Segbena A Y, Prehu C, Wajcman H, Bardakdjian-Michau J, Messie K, Feteke L, Vovor A, David M, Feingold J, Galacteros F
Service d'Hématologie du CHU de Lomé-Faculté Mixte de Médecine et de Pharmacie, Togo.
Am J Hematol. 1998 Nov;59(3):208-13. doi: 10.1002/(sici)1096-8652(199811)59:3<208::aid-ajh5>3.0.co;2-r.
The gene frequency of the most important hemoglobin (Hb) abnormalities is reported in a population of 171 Togolese newborns. Hb phenotypes, hematological parameters, and the more frequently described alpha-gene deletions were analyzed. Structural abnormalities of beta-globin were observed in 35.7% of the children with a gene frequency of 0.105 for beta(S) and 0.091 for beta(C).
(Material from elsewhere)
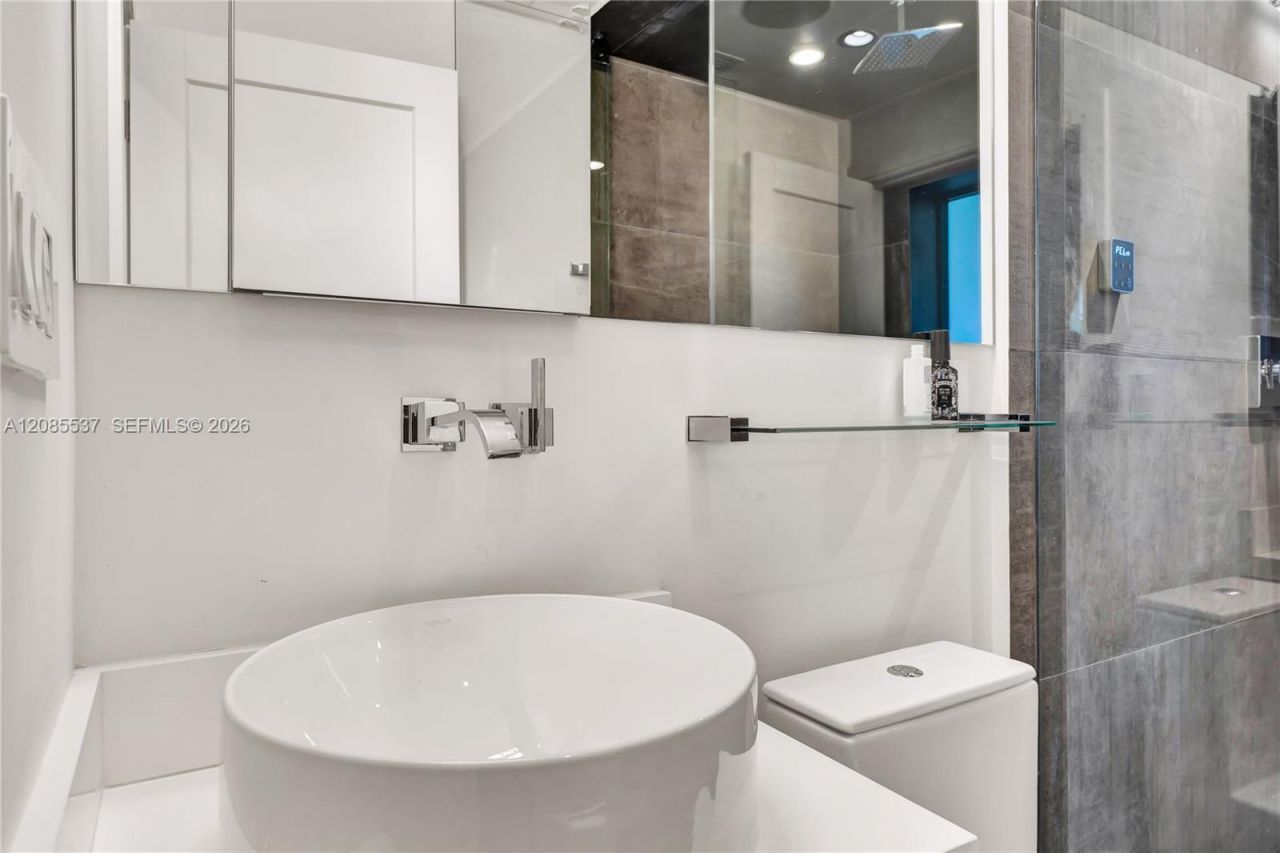 2802 Prairie Ave, Miami Beach, FL 33140 Photo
The frequency of the different alpha-globin genotypes was alpha alpha/ = 0.71, -alpha/ = 0.28, and alpha alpha alpha/ = 0.01. All of the individuals homozygous for the -alpha genotypes, and most of the heterozygous individuals, carried Hb Bart's. Within the alpha alpha/alpha alpha and the -alpha/alpha alpha groups, several individuals with or without Hb Bart's were found; they did not differ from the others by their red blood cell (RBC) parameters but by their levels of fetal hemoglobin (Hb F). The African alpha2 polymorphism marker, characterized by the replacement of G by TCGGCCC at position 7238 (EMBL HSHBA4, 1993) and of T 7174 by G, was found in 21 newborns. The mean value of Hb F was calculated for each genotype, the mean (G)gamma percentage was 69.4 +/- 4.0%, and the gene frequency of the AgammaT marker was 0.10; this marker was linked to the normal beta-globin cluster.
报道了171名多哥新生儿群体中最重要的血红蛋白(Hb)异常的基因频率。分析了Hb表型、血液学参数以及更常见的α基因缺失情况。在35.7%的儿童中观察到β珠蛋白的结构异常,β(S)的基因频率为0.105,β(C)的基因频率为0.091。不同α珠蛋白基因型的频率为αα/ = 0.71,-α/ = 0.28,ααα/ = 0.01。所有-α基因型纯合个体以及大多数杂合个体都携带Hb Bart's。在αα/αα和-α/αα组中,发现了一些有或没有Hb Bart's的个体;他们与其他个体的红细胞(RBC)参数没有差异,但胎儿血红蛋白(Hb F)水平不同。在21名新生儿中发现了非洲α2多态性标记,其特征是在第7238位由G替换为TCGGCCC(EMBL HSHBA4,1993)以及在第7174位由T替换为G。计算了每种基因型的Hb F平均值,平均(G)γ百分比为69.4 +/- 4.0%,AgammaT标记的基因频率为0.10;该标记与正常β珠蛋白基因簇相关。